_COLLECTED MATERIAL_
== Segment start ==

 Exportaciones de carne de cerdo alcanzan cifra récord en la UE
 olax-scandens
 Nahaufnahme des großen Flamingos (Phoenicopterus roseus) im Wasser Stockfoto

== Segment end ==

Output the data once more, exactly as given.

 Exportaciones de carne de cerdo alcanzan cifra récord en la UE
 olax-scandens
 Nahaufnahme des großen Flamingos (Phoenicopterus roseus) im Wasser Stockfoto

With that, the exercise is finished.